### [Work to complete]
Each entry below is to be written out exactly, and the pictures are to be left out.

═══ Information provided ═══

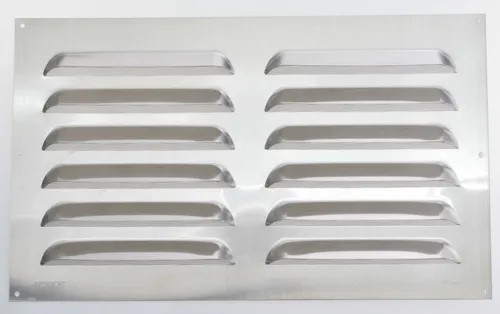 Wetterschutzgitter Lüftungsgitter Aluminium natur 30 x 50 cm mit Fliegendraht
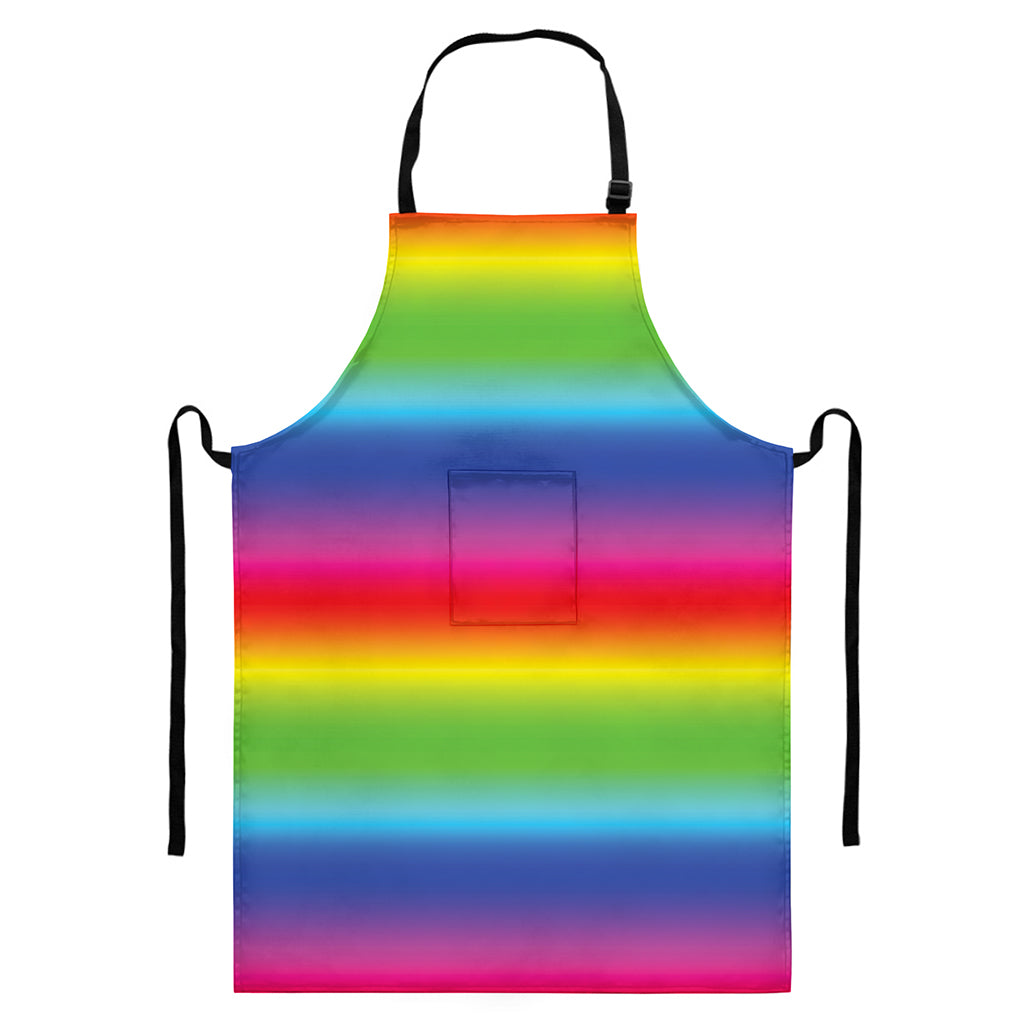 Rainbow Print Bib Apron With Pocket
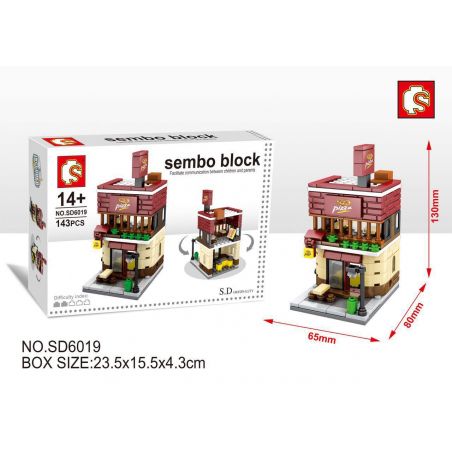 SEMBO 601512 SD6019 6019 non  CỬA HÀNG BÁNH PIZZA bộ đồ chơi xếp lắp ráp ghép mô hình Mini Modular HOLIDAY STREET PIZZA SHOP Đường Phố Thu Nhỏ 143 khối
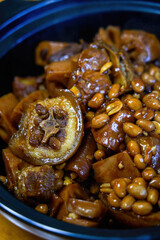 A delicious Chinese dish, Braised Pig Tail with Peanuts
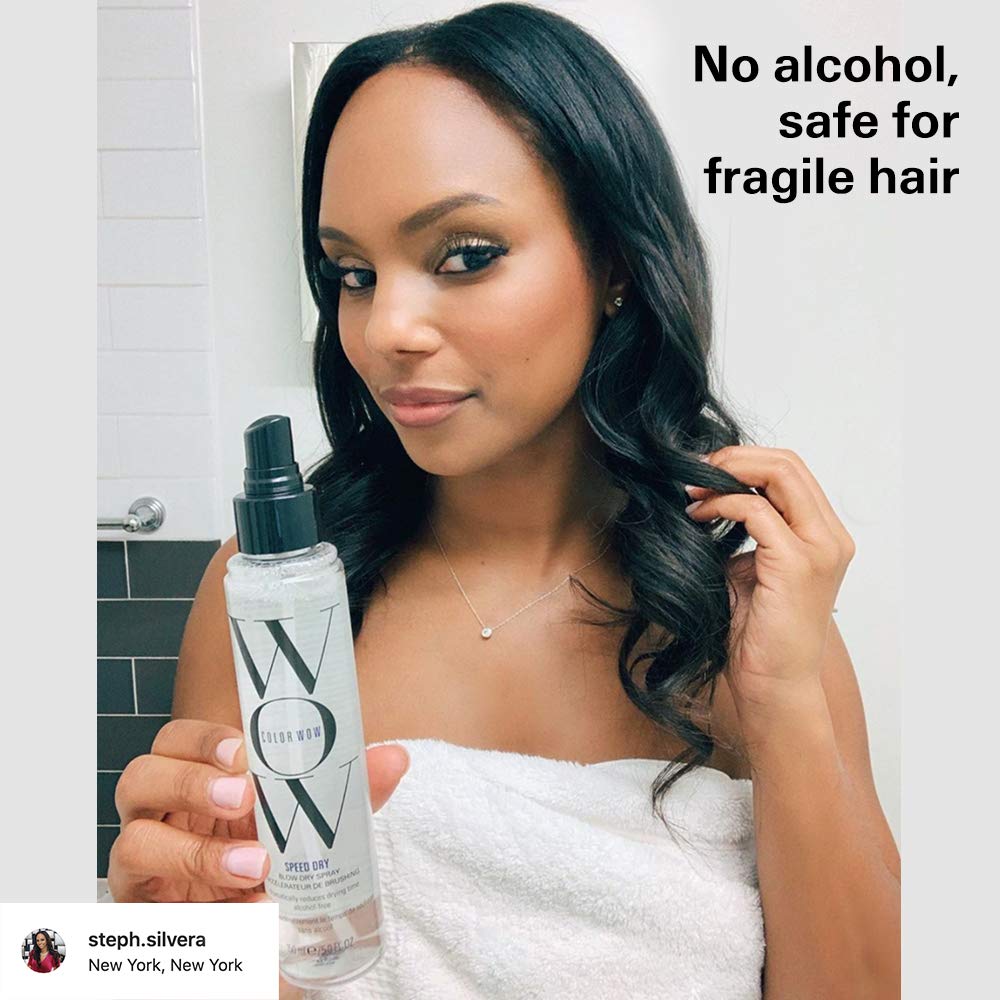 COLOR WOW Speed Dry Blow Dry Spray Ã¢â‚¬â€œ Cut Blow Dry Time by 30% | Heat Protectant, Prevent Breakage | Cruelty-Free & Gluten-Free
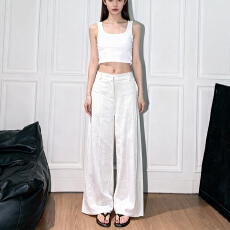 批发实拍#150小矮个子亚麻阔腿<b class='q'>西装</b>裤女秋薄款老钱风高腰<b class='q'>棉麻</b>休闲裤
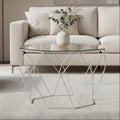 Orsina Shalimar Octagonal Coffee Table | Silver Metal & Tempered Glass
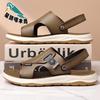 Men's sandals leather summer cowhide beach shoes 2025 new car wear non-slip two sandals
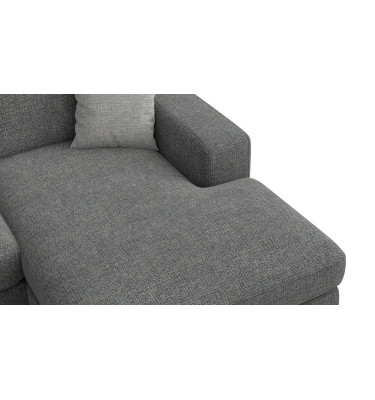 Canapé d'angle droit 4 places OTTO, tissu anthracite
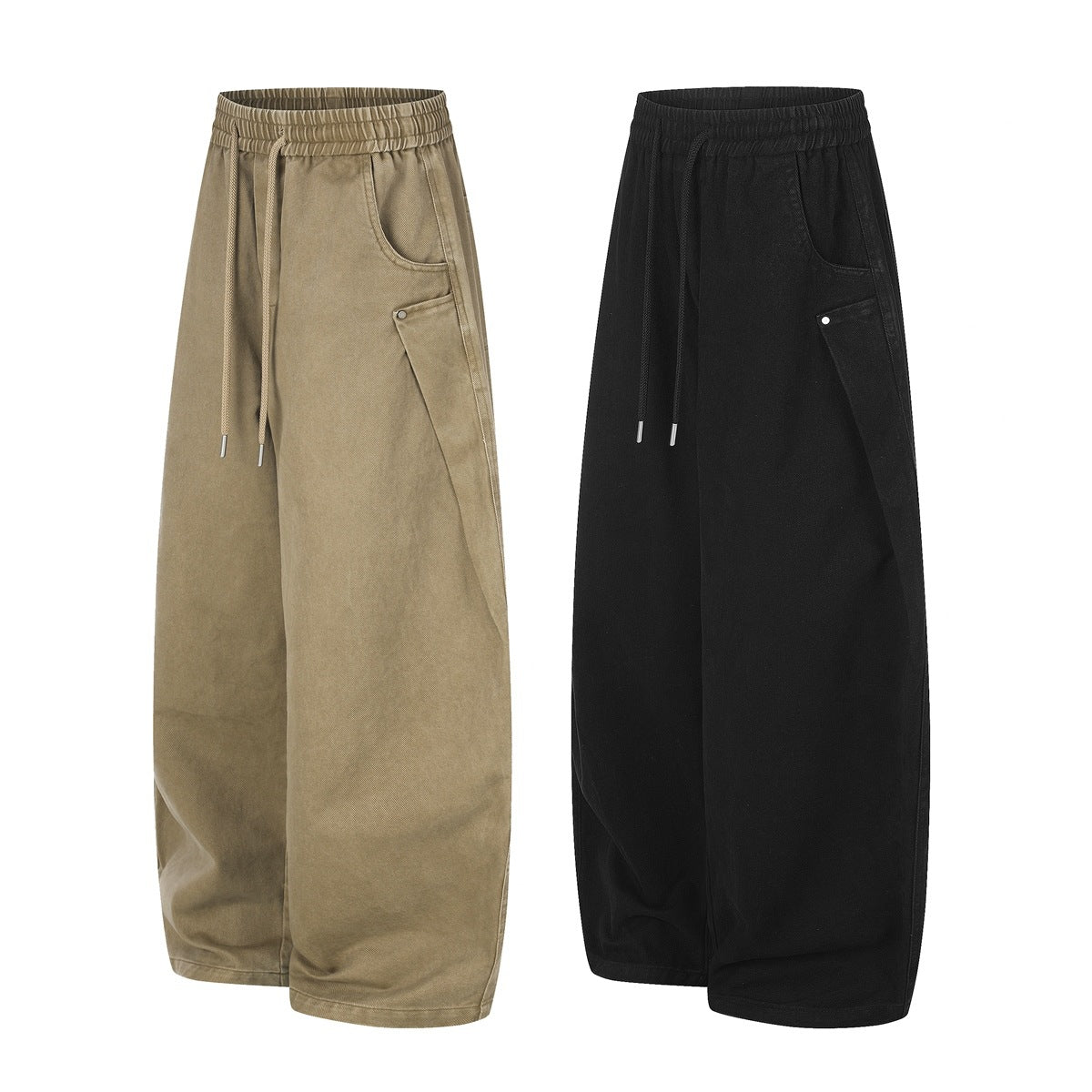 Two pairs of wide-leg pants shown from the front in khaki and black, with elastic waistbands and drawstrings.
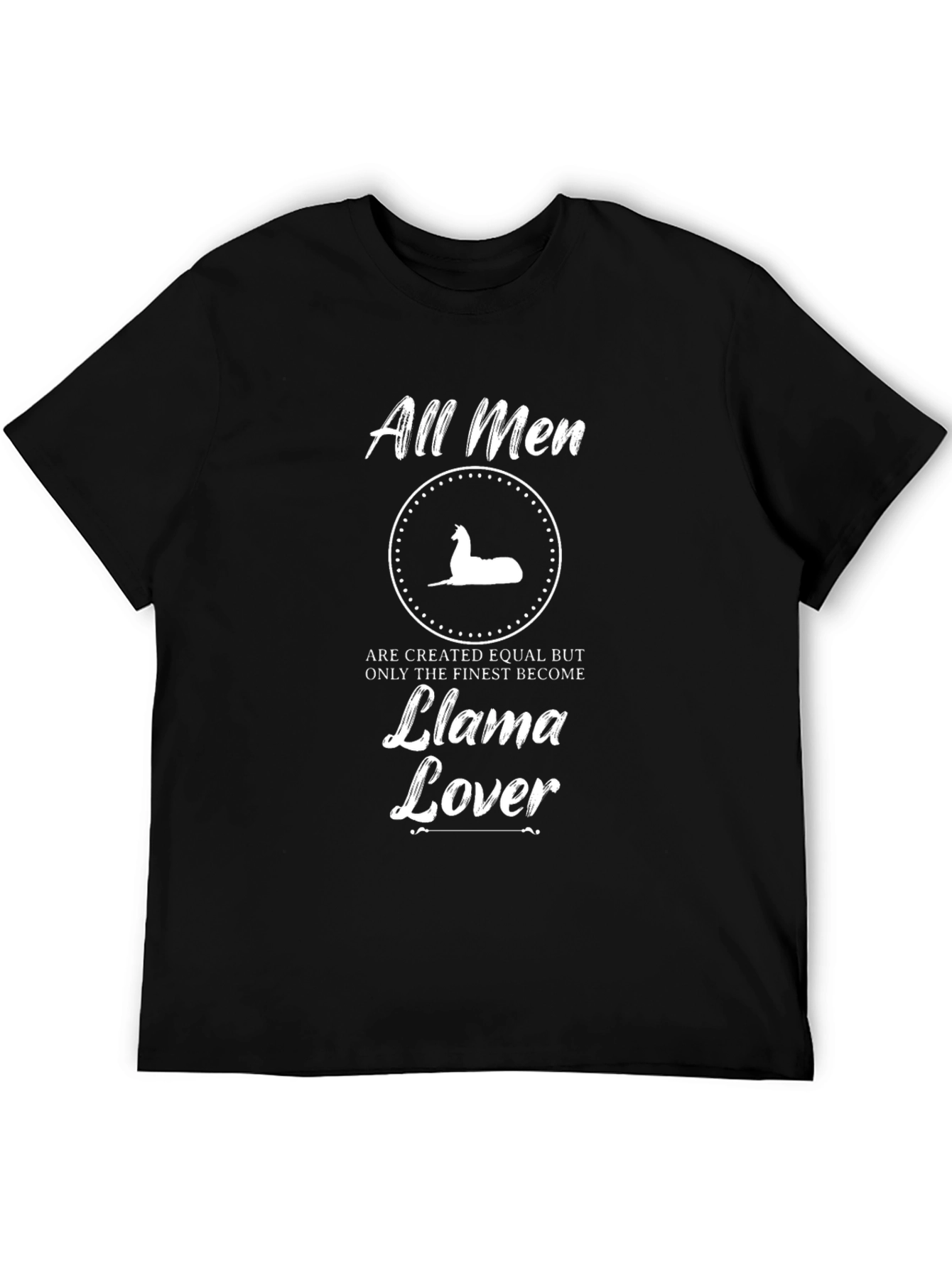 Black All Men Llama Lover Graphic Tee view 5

═══

### [Task solution]
 Wetterschutzgitter Lüftungsgitter Aluminium natur 30 x 50 cm mit Fliegendraht
 Rainbow Print Bib Apron With Pocket
 SEMBO 601512 SD6019 6019 non  CỬA HÀNG BÁNH PIZZA bộ đồ chơi xếp lắp ráp ghép mô hình Mini Modular HOLIDAY STREET PIZZA SHOP Đường Phố Thu Nhỏ 143 khối
 A delicious Chinese dish, Braised Pig Tail with Peanuts
 COLOR WOW Speed Dry Blow Dry Spray Ã¢â‚¬â€œ Cut Blow Dry Time by 30% | Heat Protectant, Prevent Breakage | Cruelty-Free & Gluten-Free
 批发实拍#150小矮个子亚麻阔腿<b class='q'>西装</b>裤女秋薄款老钱风高腰<b class='q'>棉麻</b>休闲裤
 Orsina Shalimar Octagonal Coffee Table | Silver Metal & Tempered Glass
 Men's sandals leather summer cowhide beach shoes 2025 new car wear non-slip two sandals
 Canapé d'angle droit 4 places OTTO, tissu anthracite
 Two pairs of wide-leg pants shown from the front in khaki and black, with elastic waistbands and drawstrings.
 Black All Men Llama Lover Graphic Tee view 5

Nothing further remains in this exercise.